His approach to language, for example, breaks with the PQ’s sabre-rattling past, perhaps a reflection of the years he spent actually debating and talking with anglophones as minister responsible for Montreal and the community.

Lisée said if the PQ forms the next government, it will not resurrect divisive language ideas such as taking away the right of allophones and francophones to choose to attend an English CEGEP.

Nor will it try and strip municipalities of their bilingual status. Those elements were part of the PQ’s old policy book adopted in 2011.

And the province’s current commercial sign law, which allows English wording as long as French is predominant, will not be touched because it represents a “historic compromise,” he said.

Instead of fighting those wars again, Lisée believes the way to improve the status of French is in the education system and better management of immigration.

In a package of proposals to be tabled “for debate” Saturday at a party national council meeting in Quebec City, the PQ proposes to require anglophone students to pass a French exit test to obtain their diplomas.

Under the current rules, a student in an anglophone CEGEP is required to pass two French courses to get a diploma but there is no formal exit test.

Lisée said that approach makes more sense because it’s in the interests of anglophones to boost their French skills to have a better chance in the Quebec job market. He quotes census data from 2011 showing between 25 and 30 per cent of Quebec anglophones age 18 to 40 describe themselves as unilingual anglophones.

That translates into a loss for Quebec because young anglophones hightail it to Toronto after graduation because their French isn’t good enough to find work.

Going a step further, the PQ would encourage anglophones to spend part of their college years — perhaps one session — in a French CEGEP to improve their second language skills. The same rules could be extended to francophone students who might want to study in an anglophone CEGEP.

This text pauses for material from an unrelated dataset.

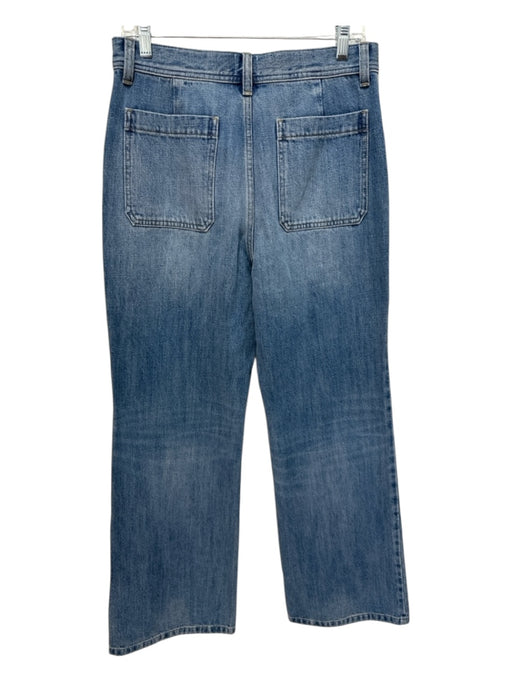 J Crew Size 28 Med Wash Cotton Denim Patch Pocket High Rise Zip & Button Jeans Med Wash / 28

“We want them (anglophones) in,” Lisée said “We want their full contribution. We don’t want to lose a single student. It’s not tough love it’s just love. We want them to succeed.”

He goes further saying the PQ would “open a dialogue,” with universities aimed at getting them to beef up their French-language teaching as well. He said it may come as a surprise but it is entirely possible that a student from California who has chosen to study in Montreal would be interested in learning a bit of French while here.

Finally, a PQ government would tackle a lack of French in the workplace by extending provisions of the French-language charter to medium-sized businesses with 25 to 49 employees. They are currently exempt.

But rather than the PQ’s old approach, which was to send in language bureaucrats to read company owners the riot act, smaller firms would be offered fiscal incentives to make the shift gradually.

The PQ would, however, apply the charter to federally-chartered companies such as banks and telecommunications companies and entrench the right to live and work in French in Quebec’s Charter of Rights and freedoms.

Finally, Lisée proposes all immigrants coming to Quebec be required to have an intermediate knowledge of French before they get on the plane. That measure would apply in the category of economic immigrants, not refugees.

“I don’t think we can ask people fleeing from bombs falling on their heads to stop at a Berlitz before coming here,” Lisée said.

Lisée also proposes to entrench anglophone rights in the party program for the first time.

There would be a commitment to designate a cabinet minister responsible for anglophone relations and recognition of the community’s fundamental rights in the context of a province where French is the official language.

The bilingual status of health and social service establishments, which are part of Quebec’s anglophone heritage, would be guaranteed.

And acting on his leadership promise, Lisée proposes the PQ scrap Article 1 from its program, which says a PQ government will hold a sovereignty referendum “at a moment judged appropriate by the government.”

It would be replaced by five paragraphs which would say, in a nutshell, that while the PQ’s fundamental task is to make Quebec a country, the immediate task is to restore good government after 15 years of Liberal government bungling.